* [TASK BRIEF]
Each line from the one holding "this 640×480 image." through the end of the records should be returned exactly, while pictures are skipped.

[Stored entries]
BEGIN

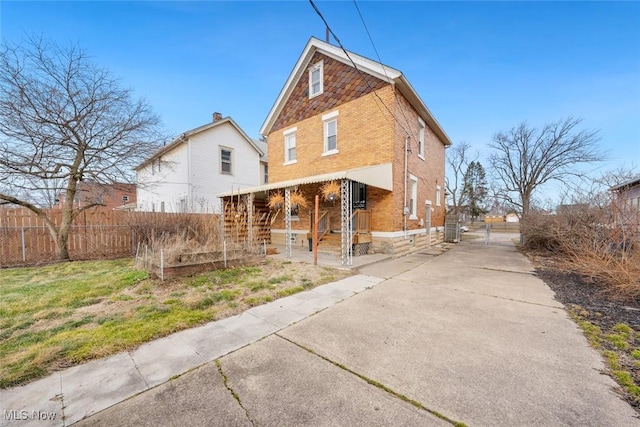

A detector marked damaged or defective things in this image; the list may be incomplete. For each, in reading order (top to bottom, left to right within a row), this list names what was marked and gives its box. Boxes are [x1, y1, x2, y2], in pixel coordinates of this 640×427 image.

sidewalk crack [215, 360, 255, 426]
sidewalk crack [278, 334, 468, 427]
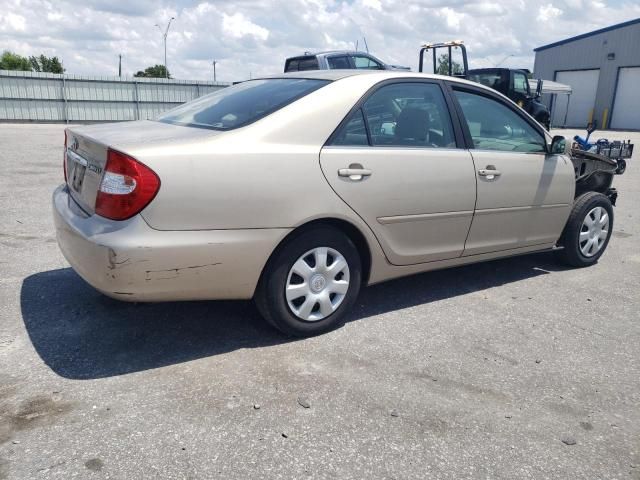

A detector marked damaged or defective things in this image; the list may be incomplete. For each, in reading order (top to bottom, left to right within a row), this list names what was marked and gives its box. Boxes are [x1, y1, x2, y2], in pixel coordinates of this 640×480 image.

dented rear bumper [52, 186, 290, 302]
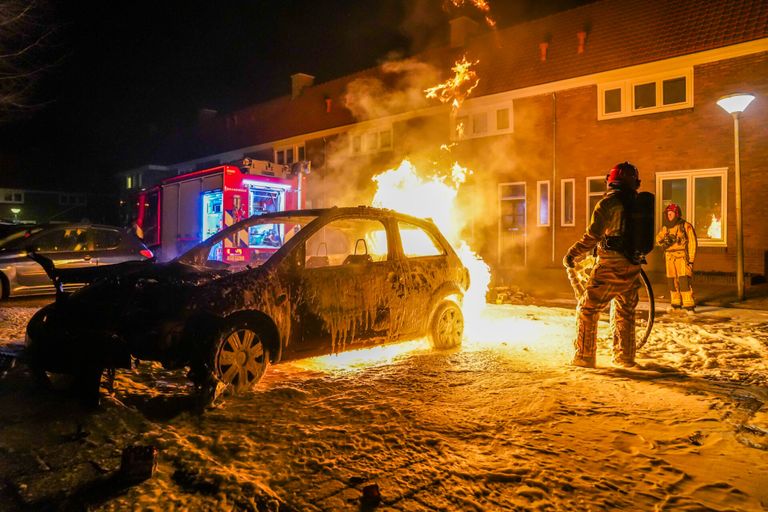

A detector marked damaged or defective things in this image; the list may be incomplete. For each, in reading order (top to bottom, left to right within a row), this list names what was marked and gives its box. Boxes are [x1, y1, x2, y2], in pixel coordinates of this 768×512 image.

burnt car wreck [25, 206, 468, 406]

END

* [RESPONSE BOX]
A detector marked damaged or defective things in this image; the list may be incomplete. For each, in reading order (top to bottom, left to right within a row), this list names what was marked and gives its box. Boxes are [x1, y1, x2, y2], in pixel coordinates of this 640×480 image.

dented rear bumper [52, 186, 290, 302]

A detector marked damaged or defective things in this image; the list may be incomplete. For each, in reading order (top to bottom, left to right within a row), this list names what was marked and gives its box. Boxes are [x1, y1, x2, y2], in pixel coordinates of this 768×512 image.

burnt car wreck [25, 206, 468, 406]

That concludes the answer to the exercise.